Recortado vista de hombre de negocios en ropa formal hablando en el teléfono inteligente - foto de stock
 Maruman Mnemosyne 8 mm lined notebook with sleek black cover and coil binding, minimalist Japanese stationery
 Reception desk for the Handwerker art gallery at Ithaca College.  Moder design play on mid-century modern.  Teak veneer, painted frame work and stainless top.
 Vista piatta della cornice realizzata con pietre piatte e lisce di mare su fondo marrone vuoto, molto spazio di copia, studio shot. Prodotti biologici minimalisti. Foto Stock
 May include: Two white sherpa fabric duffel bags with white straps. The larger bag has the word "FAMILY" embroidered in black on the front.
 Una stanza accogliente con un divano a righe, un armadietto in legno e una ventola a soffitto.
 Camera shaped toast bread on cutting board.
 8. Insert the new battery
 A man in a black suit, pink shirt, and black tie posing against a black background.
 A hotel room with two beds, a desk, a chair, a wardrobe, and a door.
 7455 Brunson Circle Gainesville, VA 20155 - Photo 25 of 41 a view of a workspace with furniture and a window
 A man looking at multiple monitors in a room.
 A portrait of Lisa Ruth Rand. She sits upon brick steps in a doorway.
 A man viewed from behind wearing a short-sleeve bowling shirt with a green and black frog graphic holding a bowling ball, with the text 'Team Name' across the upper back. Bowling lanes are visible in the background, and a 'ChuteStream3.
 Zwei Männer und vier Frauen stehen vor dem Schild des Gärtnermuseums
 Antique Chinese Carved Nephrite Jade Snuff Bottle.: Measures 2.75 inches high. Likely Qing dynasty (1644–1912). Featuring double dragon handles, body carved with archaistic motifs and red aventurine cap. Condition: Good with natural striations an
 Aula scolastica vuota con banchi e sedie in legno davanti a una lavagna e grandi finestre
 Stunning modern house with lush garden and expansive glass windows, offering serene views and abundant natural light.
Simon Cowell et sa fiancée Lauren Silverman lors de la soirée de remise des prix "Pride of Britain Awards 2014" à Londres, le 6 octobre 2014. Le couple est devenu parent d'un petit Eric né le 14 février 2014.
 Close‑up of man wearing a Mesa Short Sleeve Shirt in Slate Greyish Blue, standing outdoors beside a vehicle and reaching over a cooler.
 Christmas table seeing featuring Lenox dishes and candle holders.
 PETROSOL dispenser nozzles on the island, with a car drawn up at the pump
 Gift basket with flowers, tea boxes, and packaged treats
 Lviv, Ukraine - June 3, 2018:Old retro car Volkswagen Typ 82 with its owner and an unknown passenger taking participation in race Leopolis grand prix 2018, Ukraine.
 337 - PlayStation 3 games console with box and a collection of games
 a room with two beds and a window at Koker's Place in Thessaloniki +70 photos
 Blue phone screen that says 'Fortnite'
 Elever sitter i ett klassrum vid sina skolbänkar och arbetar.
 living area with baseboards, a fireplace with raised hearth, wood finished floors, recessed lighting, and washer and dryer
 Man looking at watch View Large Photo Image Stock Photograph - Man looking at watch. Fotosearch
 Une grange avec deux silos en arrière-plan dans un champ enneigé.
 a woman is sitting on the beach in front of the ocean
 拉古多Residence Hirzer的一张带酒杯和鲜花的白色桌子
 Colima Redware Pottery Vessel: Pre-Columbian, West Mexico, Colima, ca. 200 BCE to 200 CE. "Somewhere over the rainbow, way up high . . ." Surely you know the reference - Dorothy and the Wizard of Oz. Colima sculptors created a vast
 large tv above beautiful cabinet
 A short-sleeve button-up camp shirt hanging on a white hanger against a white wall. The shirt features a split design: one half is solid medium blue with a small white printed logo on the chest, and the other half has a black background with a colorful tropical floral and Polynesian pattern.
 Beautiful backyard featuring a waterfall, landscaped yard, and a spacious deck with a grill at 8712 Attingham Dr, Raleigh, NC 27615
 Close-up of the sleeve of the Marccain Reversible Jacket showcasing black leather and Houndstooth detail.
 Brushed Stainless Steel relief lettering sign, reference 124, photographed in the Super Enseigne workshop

════════════════════

Task goal:
A word-for-word copy of the material is required.

Problem solution:
Recortado vista de hombre de negocios en ropa formal hablando en el teléfono inteligente - foto de stock
 Maruman Mnemosyne 8 mm lined notebook with sleek black cover and coil binding, minimalist Japanese stationery
 Reception desk for the Handwerker art gallery at Ithaca College.  Moder design play on mid-century modern.  Teak veneer, painted frame work and stainless top.
 Vista piatta della cornice realizzata con pietre piatte e lisce di mare su fondo marrone vuoto, molto spazio di copia, studio shot. Prodotti biologici minimalisti. Foto Stock
 May include: Two white sherpa fabric duffel bags with white straps. The larger bag has the word "FAMILY" embroidered in black on the front.
 Una stanza accogliente con un divano a righe, un armadietto in legno e una ventola a soffitto.
 Camera shaped toast bread on cutting board.
 8. Insert the new battery
 A man in a black suit, pink shirt, and black tie posing against a black background.
 A hotel room with two beds, a desk, a chair, a wardrobe, and a door.
 7455 Brunson Circle Gainesville, VA 20155 - Photo 25 of 41 a view of a workspace with furniture and a window
 A man looking at multiple monitors in a room.
 A portrait of Lisa Ruth Rand. She sits upon brick steps in a doorway.
 A man viewed from behind wearing a short-sleeve bowling shirt with a green and black frog graphic holding a bowling ball, with the text 'Team Name' across the upper back. Bowling lanes are visible in the background, and a 'ChuteStream3.
 Zwei Männer und vier Frauen stehen vor dem Schild des Gärtnermuseums
 Antique Chinese Carved Nephrite Jade Snuff Bottle.: Measures 2.75 inches high. Likely Qing dynasty (1644–1912). Featuring double dragon handles, body carved with archaistic motifs and red aventurine cap. Condition: Good with natural striations an
 Aula scolastica vuota con banchi e sedie in legno davanti a una lavagna e grandi finestre
 Stunning modern house with lush garden and expansive glass windows, offering serene views and abundant natural light.
Simon Cowell et sa fiancée Lauren Silverman lors de la soirée de remise des prix "Pride of Britain Awards 2014" à Londres, le 6 octobre 2014. Le couple est devenu parent d'un petit Eric né le 14 février 2014.
 Close‑up of man wearing a Mesa Short Sleeve Shirt in Slate Greyish Blue, standing outdoors beside a vehicle and reaching over a cooler.
 Christmas table seeing featuring Lenox dishes and candle holders.
 PETROSOL dispenser nozzles on the island, with a car drawn up at the pump
 Gift basket with flowers, tea boxes, and packaged treats
 Lviv, Ukraine - June 3, 2018:Old retro car Volkswagen Typ 82 with its owner and an unknown passenger taking participation in race Leopolis grand prix 2018, Ukraine.
 337 - PlayStation 3 games console with box and a collection of games
 a room with two beds and a window at Koker's Place in Thessaloniki +70 photos
 Blue phone screen that says 'Fortnite'
 Elever sitter i ett klassrum vid sina skolbänkar och arbetar.
 living area with baseboards, a fireplace with raised hearth, wood finished floors, recessed lighting, and washer and dryer
 Man looking at watch View Large Photo Image Stock Photograph - Man looking at watch. Fotosearch
 Une grange avec deux silos en arrière-plan dans un champ enneigé.
 a woman is sitting on the beach in front of the ocean
 拉古多Residence Hirzer的一张带酒杯和鲜花的白色桌子
 Colima Redware Pottery Vessel: Pre-Columbian, West Mexico, Colima, ca. 200 BCE to 200 CE. "Somewhere over the rainbow, way up high . . ." Surely you know the reference - Dorothy and the Wizard of Oz. Colima sculptors created a vast
 large tv above beautiful cabinet
 A short-sleeve button-up camp shirt hanging on a white hanger against a white wall. The shirt features a split design: one half is solid medium blue with a small white printed logo on the chest, and the other half has a black background with a colorful tropical floral and Polynesian pattern.
 Beautiful backyard featuring a waterfall, landscaped yard, and a spacious deck with a grill at 8712 Attingham Dr, Raleigh, NC 27615
 Close-up of the sleeve of the Marccain Reversible Jacket showcasing black leather and Houndstooth detail.
 Brushed Stainless Steel relief lettering sign, reference 124, photographed in the Super Enseigne workshop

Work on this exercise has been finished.